(Data excerpts)
○ ○ ○ ○

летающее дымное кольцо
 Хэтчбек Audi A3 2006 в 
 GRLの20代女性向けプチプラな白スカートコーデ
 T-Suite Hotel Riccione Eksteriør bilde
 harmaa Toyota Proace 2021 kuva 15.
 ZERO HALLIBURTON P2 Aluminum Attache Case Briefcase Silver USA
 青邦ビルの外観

○ ○ ○ ○

→ **Work instruction**: A complete, exact repeat of the records is the required answer.

→ **Result**:
летающее дымное кольцо
 Хэтчбек Audi A3 2006 в 
 GRLの20代女性向けプチプラな白スカートコーデ
 T-Suite Hotel Riccione Eksteriør bilde
 harmaa Toyota Proace 2021 kuva 15.
 ZERO HALLIBURTON P2 Aluminum Attache Case Briefcase Silver USA
 青邦ビルの外観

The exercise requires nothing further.